Seen in this light, immigration no longer is a fight between warring ethnic factions, but between the Christian economic and political system of limited government and private property – a system that John Robbins termed constitutional capitalism – and the tyranny of the incompetent system of economics and politics as advanced by the papal Antichrist and his henchmen in organizations such as the US Conference of Catholic Bishops.
This author would like to publically acknowledge his great debt to the work of late Dr. John Robbins, without whose insights this series would not have been possible. This debt can be seen in the many overt references to his work throughout this series, and more subtly in that his work has been the starting point for additional research on Rome and immigration done by the author himself.
If anyone would like to get an education on the dangerous economics and politics of the Roman Church-State, I cannot recommend highly enough Dr. Robbins’ 1999 book Ecclesiastical Megalomania: The Economic and Political Thought of Roman Catholic Church. In the opinion of this author, Ecclesiastical Megalomania may well be Dr. Robbins’ finest work. And given the high quality of his body of work, this is high praise indeed.
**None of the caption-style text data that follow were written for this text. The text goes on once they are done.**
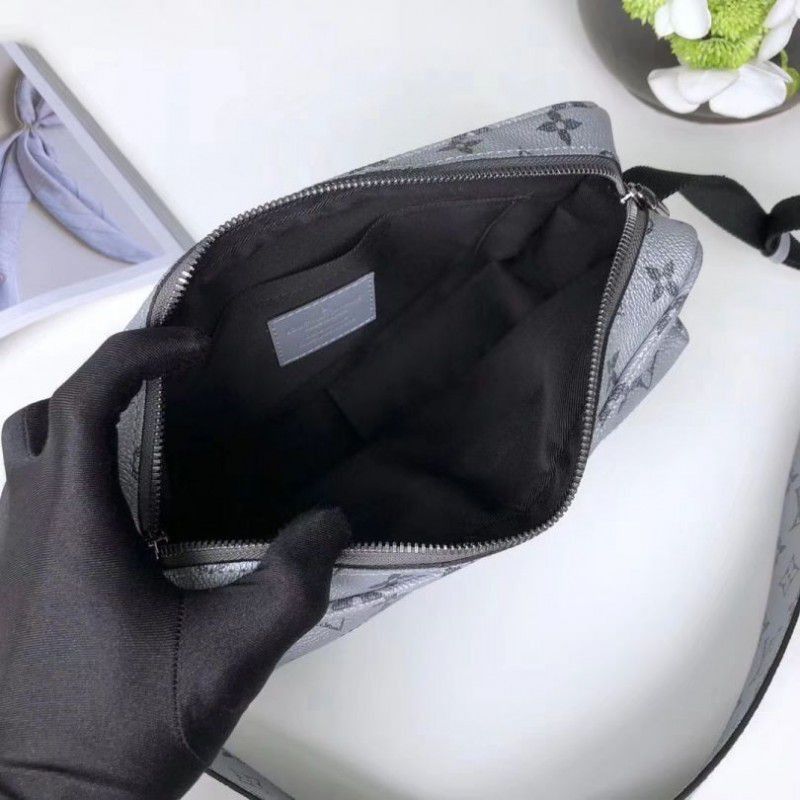 Messenger PM Bag Monogram Canvas M43843 White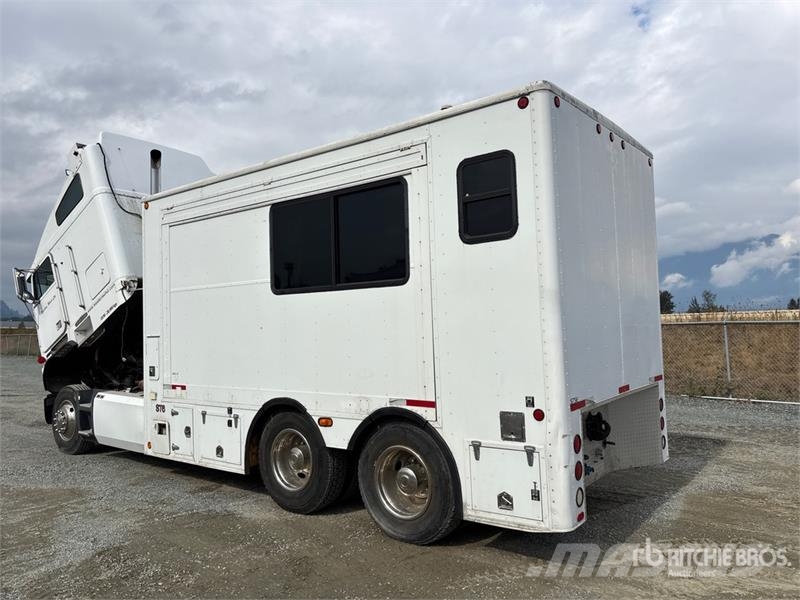 Freightliner FLA086 6x4 Movie Cast Truck Autre camion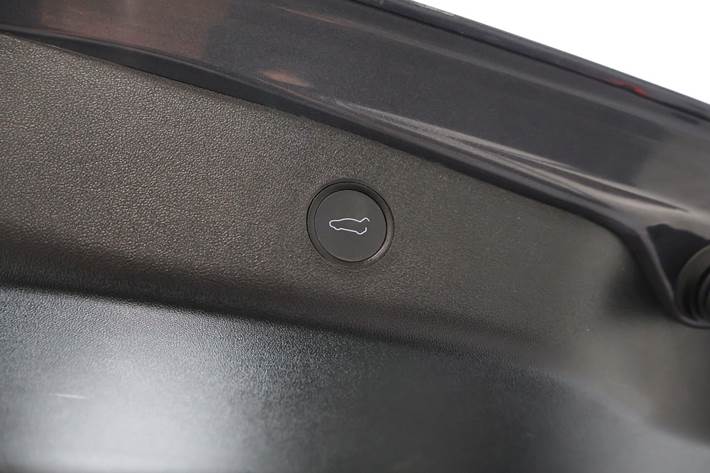 Grå Tesla Model 3 fra 2022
Although I am brining this series to a close with this post, Lord willing, this will not be the last article I write on immigration. It would not shock me in the least if at some point in the future I once again take up this subject in the form of a series. But for now, my intention is to turn my focus away from immigration to explore other topics such socialism. As anyone who pays even a little attention to the news likely knows by now, socialism is the hip new thing. Only it’s not new, and the tyranny implied in the socialist system of thought most certainly is not hip.
In closing, I would like to thank you, my readers, for your support in this project. It is my prayer that this series has been edifying to you. Special thanks go to John Bradshaw for his tireless work editing out all my typing errors, for his encouragement, for his prayers and for his fellowship in Christ Jesus.